(Extracted data entries)

################

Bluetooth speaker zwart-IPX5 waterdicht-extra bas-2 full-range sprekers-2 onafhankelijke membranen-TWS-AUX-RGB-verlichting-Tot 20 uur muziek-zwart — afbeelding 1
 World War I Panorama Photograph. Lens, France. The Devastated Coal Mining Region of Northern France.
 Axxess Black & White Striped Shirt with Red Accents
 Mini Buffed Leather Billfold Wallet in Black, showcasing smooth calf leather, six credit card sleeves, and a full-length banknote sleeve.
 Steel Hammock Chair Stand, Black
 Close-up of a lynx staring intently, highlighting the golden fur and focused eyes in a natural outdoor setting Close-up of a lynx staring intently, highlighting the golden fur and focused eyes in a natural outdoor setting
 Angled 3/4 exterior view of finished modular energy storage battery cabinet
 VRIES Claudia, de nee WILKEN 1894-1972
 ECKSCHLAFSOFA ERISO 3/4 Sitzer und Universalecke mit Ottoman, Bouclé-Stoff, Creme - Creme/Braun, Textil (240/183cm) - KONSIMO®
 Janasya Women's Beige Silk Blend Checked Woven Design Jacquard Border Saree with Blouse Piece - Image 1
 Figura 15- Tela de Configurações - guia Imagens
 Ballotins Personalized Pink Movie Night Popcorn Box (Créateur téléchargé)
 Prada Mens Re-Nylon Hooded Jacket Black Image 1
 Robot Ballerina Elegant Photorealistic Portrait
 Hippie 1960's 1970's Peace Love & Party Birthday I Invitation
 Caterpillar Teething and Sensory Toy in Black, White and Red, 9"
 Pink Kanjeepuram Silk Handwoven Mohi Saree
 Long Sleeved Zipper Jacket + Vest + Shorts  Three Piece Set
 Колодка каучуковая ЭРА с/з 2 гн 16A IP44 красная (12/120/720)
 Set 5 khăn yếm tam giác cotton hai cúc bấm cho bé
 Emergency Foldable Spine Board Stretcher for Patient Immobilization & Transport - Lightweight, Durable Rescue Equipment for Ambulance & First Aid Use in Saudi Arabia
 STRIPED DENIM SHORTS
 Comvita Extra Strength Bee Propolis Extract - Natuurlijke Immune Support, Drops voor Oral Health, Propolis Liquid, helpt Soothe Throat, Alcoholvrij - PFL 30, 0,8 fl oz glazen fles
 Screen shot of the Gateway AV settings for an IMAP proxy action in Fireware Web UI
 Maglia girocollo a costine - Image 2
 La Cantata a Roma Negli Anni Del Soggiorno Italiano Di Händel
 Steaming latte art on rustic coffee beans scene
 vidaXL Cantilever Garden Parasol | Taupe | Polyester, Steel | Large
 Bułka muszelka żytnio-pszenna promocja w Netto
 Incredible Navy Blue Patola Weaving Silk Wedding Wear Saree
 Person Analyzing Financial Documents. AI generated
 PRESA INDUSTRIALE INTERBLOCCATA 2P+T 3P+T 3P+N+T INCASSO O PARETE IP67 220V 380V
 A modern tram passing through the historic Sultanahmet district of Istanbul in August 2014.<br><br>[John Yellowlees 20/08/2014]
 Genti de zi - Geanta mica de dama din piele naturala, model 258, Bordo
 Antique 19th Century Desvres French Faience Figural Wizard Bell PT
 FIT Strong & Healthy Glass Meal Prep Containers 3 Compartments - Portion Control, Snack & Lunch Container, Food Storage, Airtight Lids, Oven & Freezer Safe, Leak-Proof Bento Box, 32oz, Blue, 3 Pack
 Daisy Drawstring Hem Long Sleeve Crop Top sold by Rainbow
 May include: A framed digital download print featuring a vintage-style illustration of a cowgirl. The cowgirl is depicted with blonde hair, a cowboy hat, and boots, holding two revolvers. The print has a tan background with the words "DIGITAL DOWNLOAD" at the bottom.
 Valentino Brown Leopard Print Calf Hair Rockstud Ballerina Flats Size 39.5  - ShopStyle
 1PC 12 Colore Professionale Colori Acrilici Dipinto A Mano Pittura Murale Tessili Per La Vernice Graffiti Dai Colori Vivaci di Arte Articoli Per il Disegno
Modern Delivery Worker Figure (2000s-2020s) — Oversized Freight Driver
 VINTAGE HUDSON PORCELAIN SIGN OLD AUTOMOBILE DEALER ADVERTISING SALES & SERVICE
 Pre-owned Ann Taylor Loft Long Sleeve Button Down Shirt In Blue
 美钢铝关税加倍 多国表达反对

################

▶ Problem statement: Reproduce all of the data above, exactly and without omission.

▶ Problem solution:
Bluetooth speaker zwart-IPX5 waterdicht-extra bas-2 full-range sprekers-2 onafhankelijke membranen-TWS-AUX-RGB-verlichting-Tot 20 uur muziek-zwart — afbeelding 1
 World War I Panorama Photograph. Lens, France. The Devastated Coal Mining Region of Northern France.
 Axxess Black & White Striped Shirt with Red Accents
 Mini Buffed Leather Billfold Wallet in Black, showcasing smooth calf leather, six credit card sleeves, and a full-length banknote sleeve.
 Steel Hammock Chair Stand, Black
 Close-up of a lynx staring intently, highlighting the golden fur and focused eyes in a natural outdoor setting Close-up of a lynx staring intently, highlighting the golden fur and focused eyes in a natural outdoor setting
 Angled 3/4 exterior view of finished modular energy storage battery cabinet
 VRIES Claudia, de nee WILKEN 1894-1972
 ECKSCHLAFSOFA ERISO 3/4 Sitzer und Universalecke mit Ottoman, Bouclé-Stoff, Creme - Creme/Braun, Textil (240/183cm) - KONSIMO®
 Janasya Women's Beige Silk Blend Checked Woven Design Jacquard Border Saree with Blouse Piece - Image 1
 Figura 15- Tela de Configurações - guia Imagens
 Ballotins Personalized Pink Movie Night Popcorn Box (Créateur téléchargé)
 Prada Mens Re-Nylon Hooded Jacket Black Image 1
 Robot Ballerina Elegant Photorealistic Portrait
 Hippie 1960's 1970's Peace Love & Party Birthday I Invitation
 Caterpillar Teething and Sensory Toy in Black, White and Red, 9"
 Pink Kanjeepuram Silk Handwoven Mohi Saree
 Long Sleeved Zipper Jacket + Vest + Shorts  Three Piece Set
 Колодка каучуковая ЭРА с/з 2 гн 16A IP44 красная (12/120/720)
 Set 5 khăn yếm tam giác cotton hai cúc bấm cho bé
 Emergency Foldable Spine Board Stretcher for Patient Immobilization & Transport - Lightweight, Durable Rescue Equipment for Ambulance & First Aid Use in Saudi Arabia
 STRIPED DENIM SHORTS
 Comvita Extra Strength Bee Propolis Extract - Natuurlijke Immune Support, Drops voor Oral Health, Propolis Liquid, helpt Soothe Throat, Alcoholvrij - PFL 30, 0,8 fl oz glazen fles
 Screen shot of the Gateway AV settings for an IMAP proxy action in Fireware Web UI
 Maglia girocollo a costine - Image 2
 La Cantata a Roma Negli Anni Del Soggiorno Italiano Di Händel
 Steaming latte art on rustic coffee beans scene
 vidaXL Cantilever Garden Parasol | Taupe | Polyester, Steel | Large
 Bułka muszelka żytnio-pszenna promocja w Netto
 Incredible Navy Blue Patola Weaving Silk Wedding Wear Saree
 Person Analyzing Financial Documents. AI generated
 PRESA INDUSTRIALE INTERBLOCCATA 2P+T 3P+T 3P+N+T INCASSO O PARETE IP67 220V 380V
 A modern tram passing through the historic Sultanahmet district of Istanbul in August 2014.<br><br>[John Yellowlees 20/08/2014]
 Genti de zi - Geanta mica de dama din piele naturala, model 258, Bordo
 Antique 19th Century Desvres French Faience Figural Wizard Bell PT
 FIT Strong & Healthy Glass Meal Prep Containers 3 Compartments - Portion Control, Snack & Lunch Container, Food Storage, Airtight Lids, Oven & Freezer Safe, Leak-Proof Bento Box, 32oz, Blue, 3 Pack
 Daisy Drawstring Hem Long Sleeve Crop Top sold by Rainbow
 May include: A framed digital download print featuring a vintage-style illustration of a cowgirl. The cowgirl is depicted with blonde hair, a cowboy hat, and boots, holding two revolvers. The print has a tan background with the words "DIGITAL DOWNLOAD" at the bottom.
 Valentino Brown Leopard Print Calf Hair Rockstud Ballerina Flats Size 39.5  - ShopStyle
 1PC 12 Colore Professionale Colori Acrilici Dipinto A Mano Pittura Murale Tessili Per La Vernice Graffiti Dai Colori Vivaci di Arte Articoli Per il Disegno
Modern Delivery Worker Figure (2000s-2020s) — Oversized Freight Driver
 VINTAGE HUDSON PORCELAIN SIGN OLD AUTOMOBILE DEALER ADVERTISING SALES & SERVICE
 Pre-owned Ann Taylor Loft Long Sleeve Button Down Shirt In Blue
 美钢铝关税加倍 多国表达反对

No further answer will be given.